Se, per le riunioni anche in luogo pubblico, ha osservato il
pretore, la norma costituzionale dispone che non sia richiesto
preavviso, nessuna autorizzazione deve occorrere per tenere in un
pubblico esercizio che è luogo aperto al pubblico una gara di bocce;
sì che l'art. 68, prima parte, del testo unico delle leggi di p.s. e
l'art. 666 del codice penale - sopra citati - che richiedono, per
trattenimenti del genere da tenersi in tali luoghi, la licenza del
Questore, appaiono non conformi alla norma costituzionale. Considerato in diritto :
1. - Il pretore di Racconigi ritiene che gli artt. 68 del testo
unico delle leggi di p.s. (R.D. 18 giugno 1931, n. 773) e 666 del
codice penale - i quali dispongono che per trattenimenti di qualsiasi
genere da tenere in luogo aperto al pubblico occorre la licenza del
Questore - siano contrari alla norma dell'art. 17 della Costituzione,
la quale dispone che solo per le riunioni in luogo pubblico e non anche
per quelle in luoghi aperti al pubblico, deve essere dato preavviso
alla autorità. E se non occorre preavviso, argomenta il pretore, non
può a maggior ragione occorrere licenza.
2. - La questione è fondata, ma solo parzialmente.

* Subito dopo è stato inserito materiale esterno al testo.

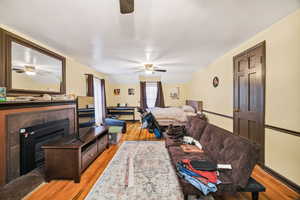 1 st Bedroom featuring a glass covered fireplace and light wood-style floors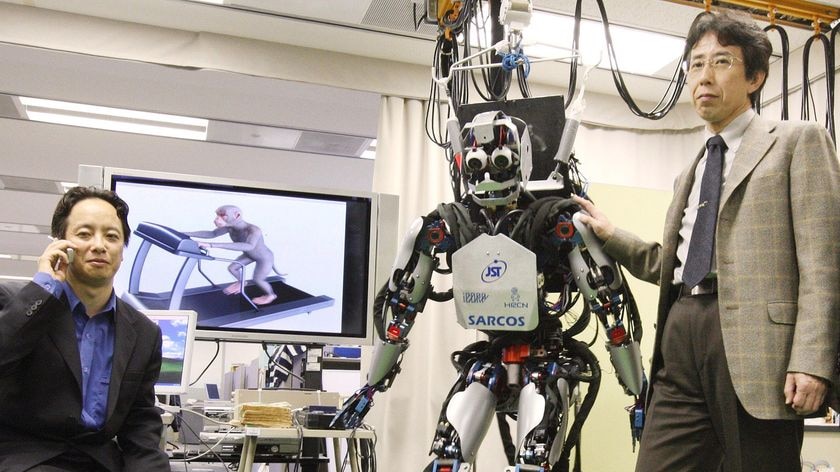 A Japanese humanoid robot controlled by signals from a monkey's brain on a treadmill.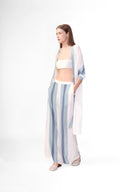 Model wearing the Bold Stripes Wide-Leg Pants color off white and light blue color, made with 100% viscose, styled for resortwear look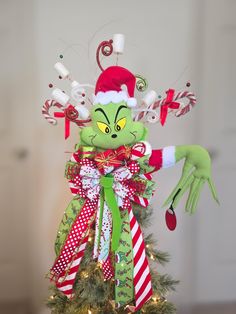 a christmas tree decorated with an elf's head and candy canes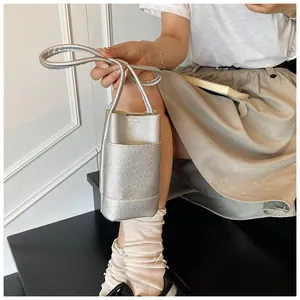 Detail of silver bucket bag showing textured lychee leather and stylish vertical design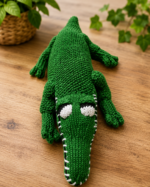 Handmade crochet alligator toy lying on a wooden surface.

Dispone l'art. 17 della Costituzione che i cittadini hanno diritto
di riunirsi pacificamente e senz'armi e che per le (loro) riunioni,
anche in luogo aperto al pubblico, non è richiesto preavviso.
Il diritto di riunione è quindi tutelato nei confronti della
generalità dei cittadini, che, riunendosi, possono dedicarsi a quelle
attività lecite, anche se per scopo di comune divertimento o
passatempo (sentenza n. 142 del 1967) e quindi a quei trattenimenti cui
si riferiscono i due articoli in rapporto ai quali è stata sollevata
la questione di costituzionalità.
Se, dunque, la riunione è indetta anche in luogo aperto al
pubblico da persone che intendono riunirsi per attuare gli scopi
anzidetti, fra i quali i trattenimenti di cui parlano le citate
disposizioni, nessuna autorizzazione e nessun preavviso occorre.
Gli articoli denunziati, in quanto, per tale fattispecie,
richiedono in ogni caso e da parte di tutti una licenza, sono da
ritenersi perciò contrari alla norma costituzionale.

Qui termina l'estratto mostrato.